Everything is online, chopped, clipped, and posted minutes after it airs.
And you don’t even have to be home. People watch on their phones in bed, on the train, or while waiting for coffee.
YouTube is the new remote control. And for anyone under 40, it is television.

YouTube’s Quiet Domination
What most investors miss is how dominant YouTube has become.
It leads U.S. streaming watch time. It averages over 200 billion “Shorts” views per day. It generates more than $40 billion in annual ad revenue.
And it’s buried inside one of our long-term holdings — Alphabet (GOOGL).
Shorts now generate just as much revenue per watch hour as traditional YouTube videos, and in some countries, they generate more.

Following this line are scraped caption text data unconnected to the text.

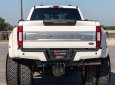 Ford F450 2022 - Ford F450 2022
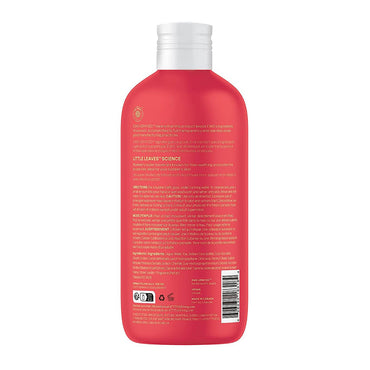 Attitude Bubble Wash for Kids, Mango, 16 Oz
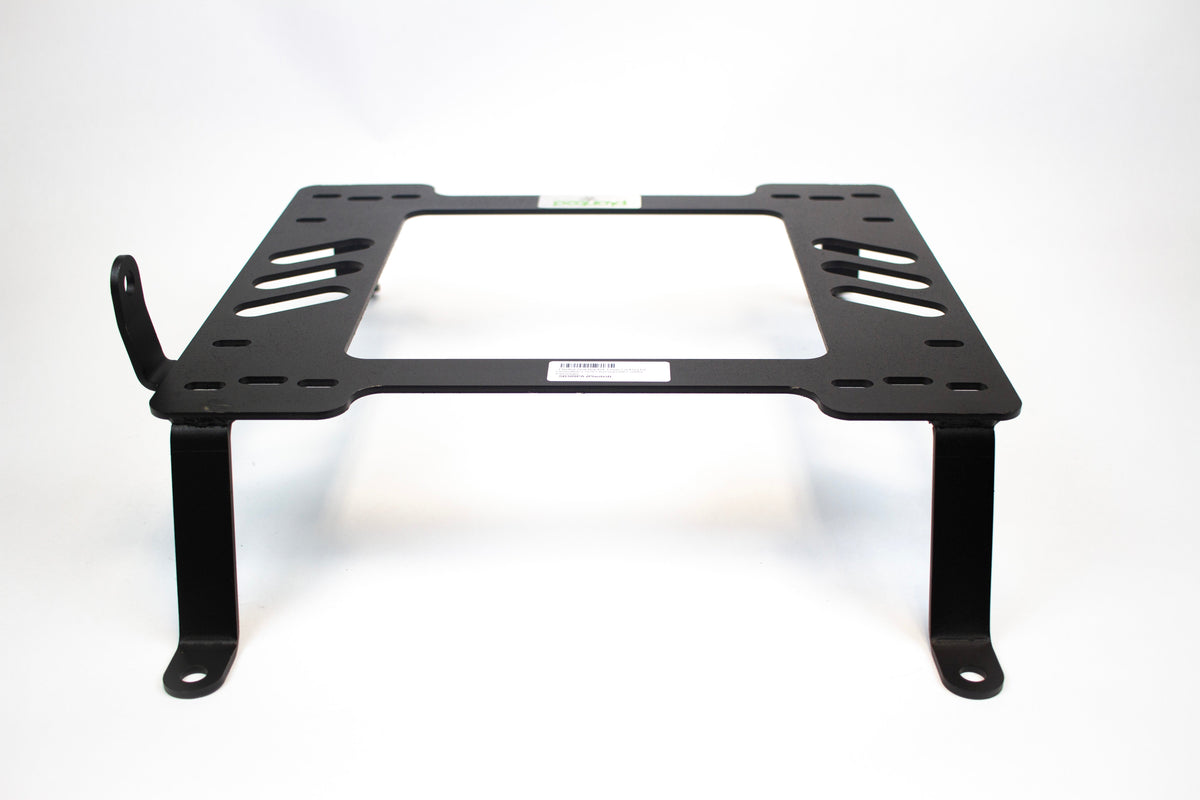 Planted Seat Bracket - Lexus GX470 (J120, 1st Gen, 2003-2009) - Passenger/Right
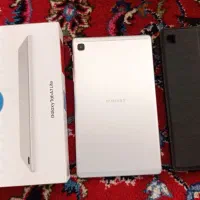 Samsung Galaxy Tab A7 Lite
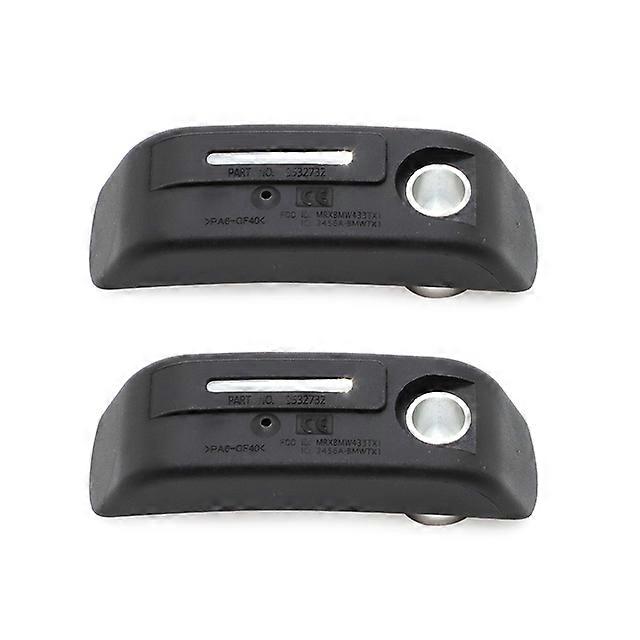 8532732 Front and Rear Vehicle Sensors Tire Pressure Vehicle Sensors For BMW K1600GT F700 F800 R1200 GS RT R RS S ST Motorcycle Accessories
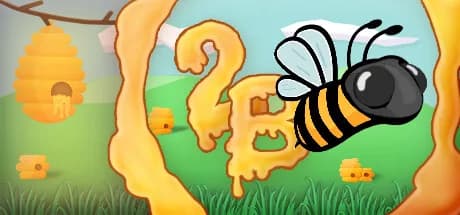 2BBee görsel 1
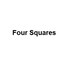 Four Squares Developer Logo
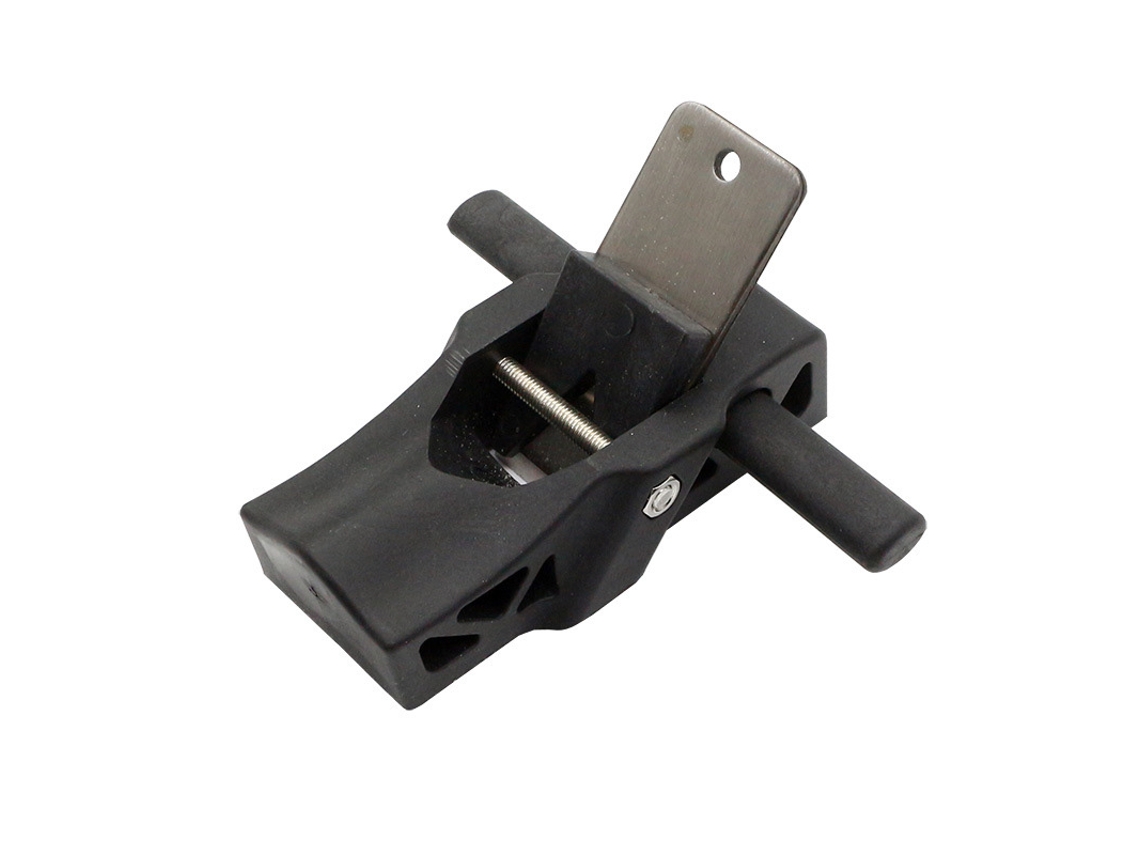 Aparador De Madeira Mini Ferramenta Manual Para Marcenaria Diy Aparar Modelar Polir Aço Resina Preto Com Mangueira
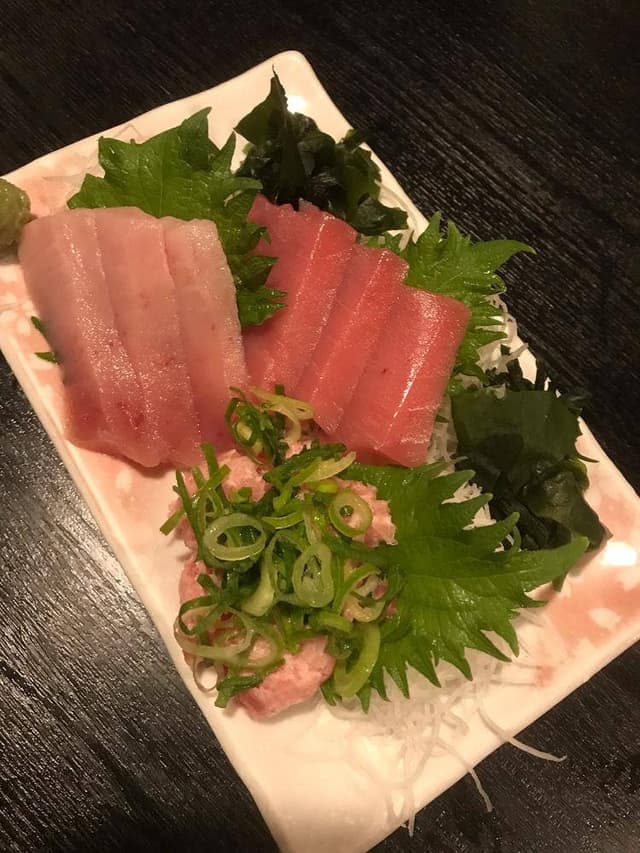 酒処まなゆめ - サブ画像2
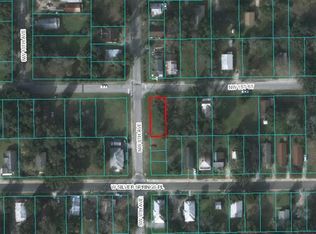 23 NW 1st St, Ocala, FL 34475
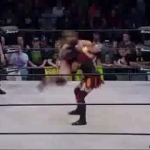 JadeONOWorldCup4_Still976.jpg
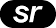 ScriptRunner Inc. logo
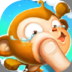 ӸϷ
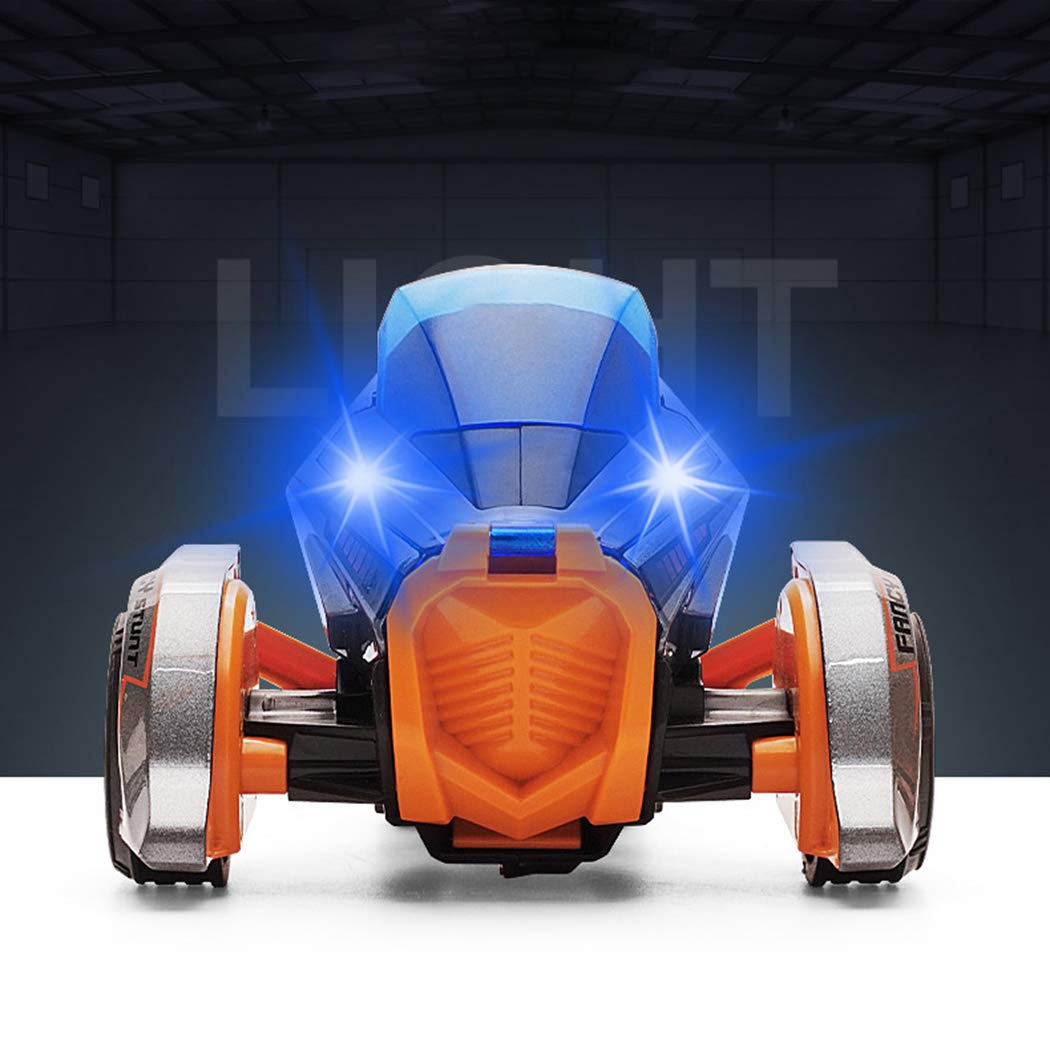 metal rising CATAPAULT BIKE with 2 bike launcher (Music & Lights) bike wheel ejector hi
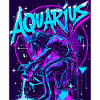 Aquarius
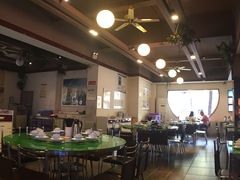 大堂-大碗厨(东风路店)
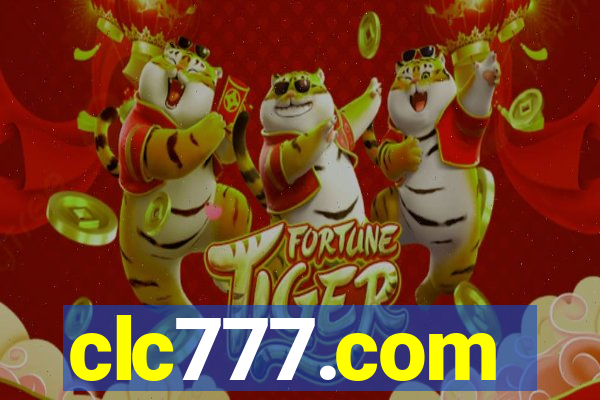 clc777.com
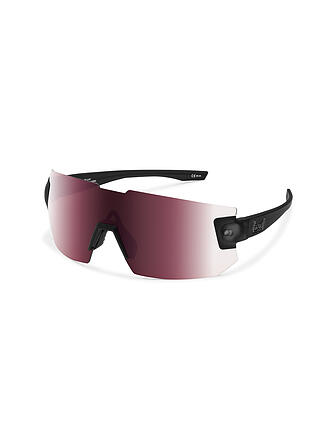 GLORYFY | Lunettes de cyclisme homme G23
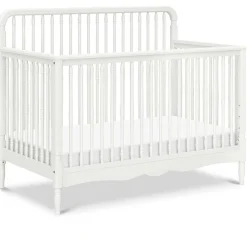 Liberty 4-in-1 Crib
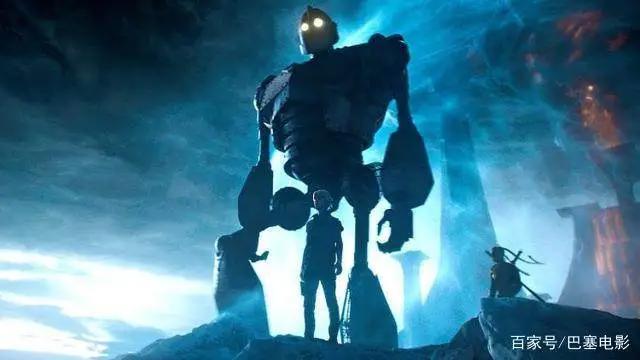 《头号玩家》引爆朋友圈，原著粉却在偷偷打一星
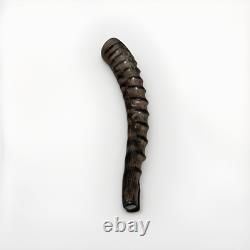 Eland Oryx Waterbuck Kudu Blesbok Shofar Horns 18-27 Set KOSHER Free Shipping
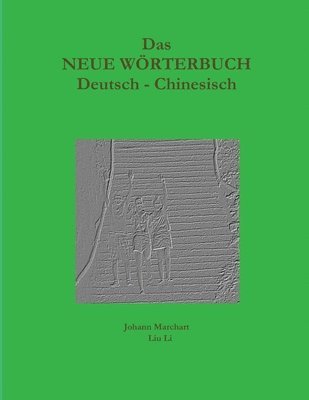 bokomslag Das Neue Woerterbuch D-Cn Auf2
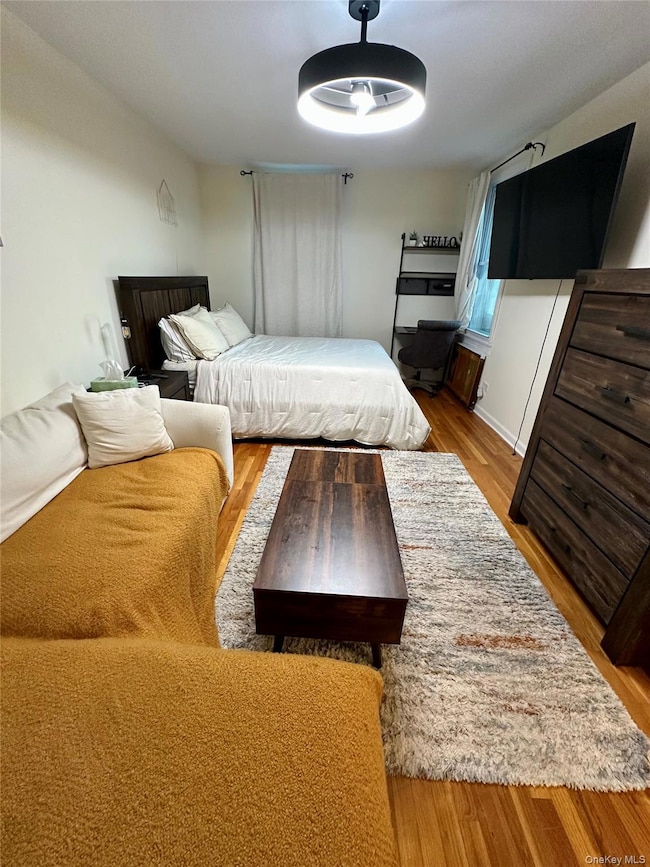 Glendale Gardens unit 7K, Yonkers, NY 10704 - photo 4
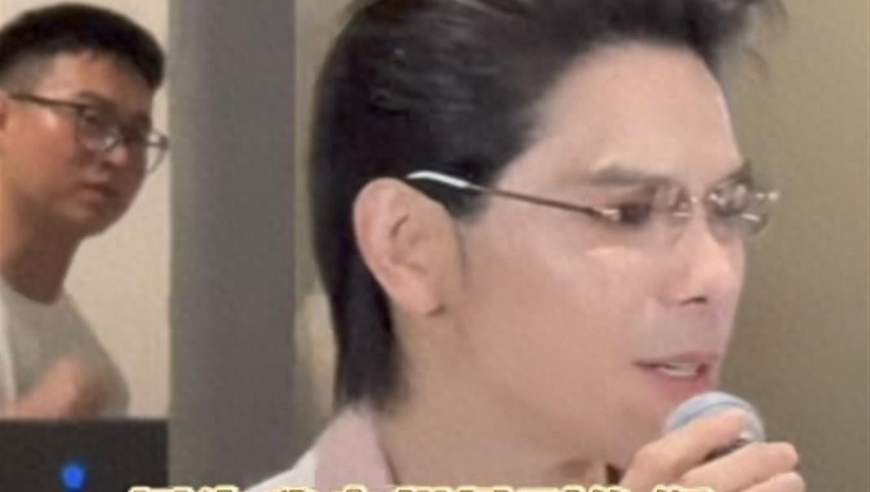 台湾最强第一天后的称号，只有妈祖当得起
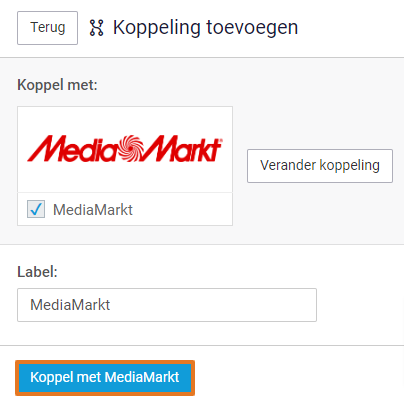 Mediamarkt API 1.png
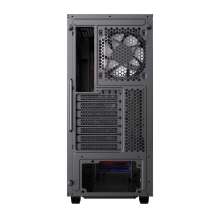 Купити Корпус Gamemax Contac COC BR - фото 13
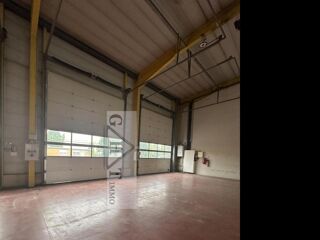  Terrain � louer 9358 m�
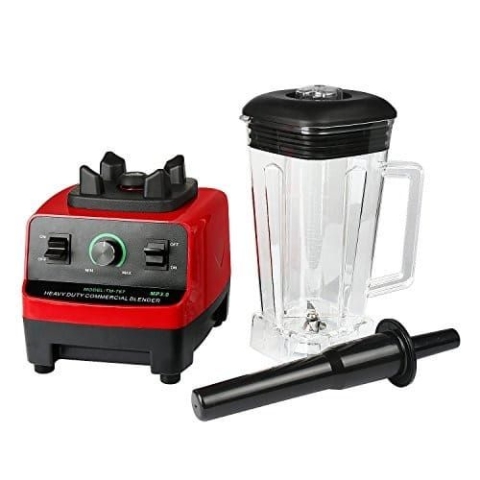 Royal Electric Blender | RBL9002RB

Two billion users log in to YouTube every month. AI powers everything from dubbing videos in multiple languages to delivering content that fits your taste.
This isn’t just a platform. It’s a global entertainment engine, eating up attention and ad dollars. While late-night television is fighting for scraps, YouTube is growing like a weed.
The networks know it.
CBS just pulled the plug on The Late Show with Stephen Colbert. A show that made money just a few years ago now loses $40 million a year.
Budget cuts didn’t help. Neither did dropping a night of programming. The business model is broken.
Same goes for…
Late Night with Seth Meyers. They cut the band.
James Corden’s show wasn’t replaced.
Taylor Tomlinson’s After Midnight barely made it to sunrise.
Ad spending for late-night has been nearly cut in half since 2018.
The old model is toast.
It used to be that if you wanted attention for your movie, you sat across from Leno or Letterman. That was the biggest spotlight in town.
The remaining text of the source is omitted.